Tea is Uganda’s quiet agricultural success story—less celebrated internationally than the country’s coffee but commercially significant, culturally embedded, and for gorilla trekkers, an immediate sensory encounter with the landscape they are travelling through. The tea estates that carpet hillsides between Fort Portal and the Rwenzori foothills, and the smaller tea gardens in the highlands near Kabale and Bwindi, produce a beverage that has been part of Ugandan daily life since colonial planting programmes in the early twentieth century.
The history of tea in Uganda
Commercial tea cultivation in Uganda began under British colonial administration in the 1920s, with large estates established in the foothills of the Rwenzori Mountains and around Fort Portal in the Toro Kingdom. The crop suited the altitude, rainfall, and cool temperatures of western Uganda’s highlands—a climate profile similar to the established tea regions of India and Ceylon (Sri Lanka) that the British colonial agricultural service used as its reference model. By independence in 1962, Uganda had a functioning tea export industry, though far smaller than Kenya’s.

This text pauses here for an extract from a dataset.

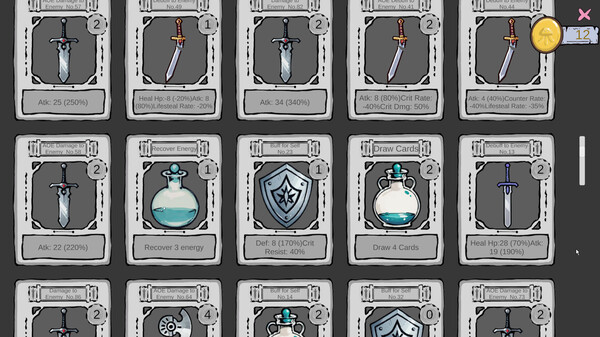 Q Dungeon screenshot 5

The Amin period (1971-1979) devastated Uganda’s tea sector along with most of the economy: estates were nationalised, skilled workers expelled (many were members of the Asian community that Amin expelled in 1972), infrastructure fell into disrepair, and export markets were lost. The rehabilitation of the tea industry from the 1990s onward—under more stable governance and with international development support—has been substantial but gradual. Uganda now produces approximately 60,000 to 70,000 tonnes of made tea per year, primarily as CTC (cut, tear, curl) black tea for export, with a smaller and growing specialty and orthodox tea sector.

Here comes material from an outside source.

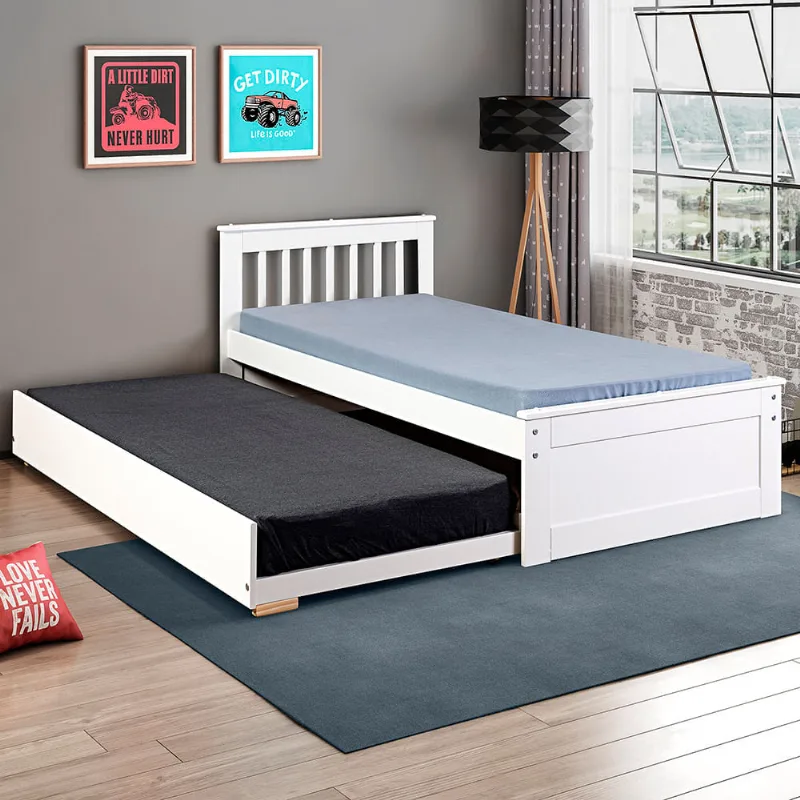 Bicama Juvenil Exclusive/Prime Branco - Casatema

Tea near Bwindi and what you will taste
The highlands around Kabale—the regional centre for south-western Uganda—support tea cultivation at altitudes that produce a particularly flavourful leaf. Cool nights, misty mornings, and well-drained volcanic soils create growing conditions that tea aficionados compare favourably with high-grown teas from Kenya and Rwanda. Several small-estate and cooperative tea producers in the Kigezi highlands are developing specialty and orthodox teas for the premium market, and a morning cup at a Bwindi lodge sourcing from local producers offers a distinctly different experience from mass-market exported tea bags.

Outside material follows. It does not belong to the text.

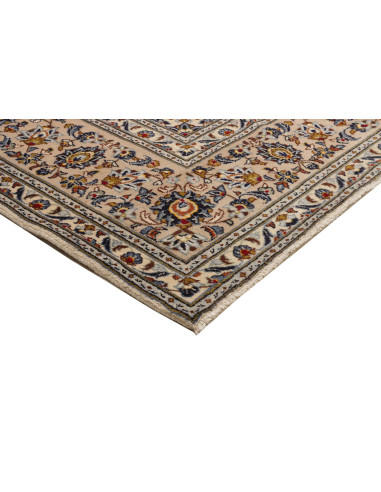 Kashan 250x333 Cm Kashan, Persia, Hand-carded Wool warp:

Ugandan tea is typically drunk with milk and sugar in the British colonial style—the “chai” preparation common across East Africa—served in an enamel mug or glass at roadside stalls, or in more refined form at lodge breakfasts. The tea grown within view of the Bwindi canopy, steeped and served on a deck overlooking the same forest, represents a small but genuine pleasure that connects the visitor’s experience to the agricultural landscape surrounding the park.
Tea estate visits on the Bwindi route
The overland route from Kampala to Bwindi via Fort Portal passes through or near several large tea estates, with the most photogenic stretches between Mbarara and Fort Portal where the road runs through continuous green tea rows on gently terraced hillsides. Stopping at a roadside estate for a brief walk through the tea bushes—many welcome visitors informally—provides a ground-level encounter with the agricultural landscape that drone footage and guidebook photographs do not convey. The smell of fresh-picked tea leaves, the sound of pickers moving through the rows, and the scale of the planted hillsides create a sensory memory that the lodge breakfast cup of tea will subsequently trigger every morning of the trip.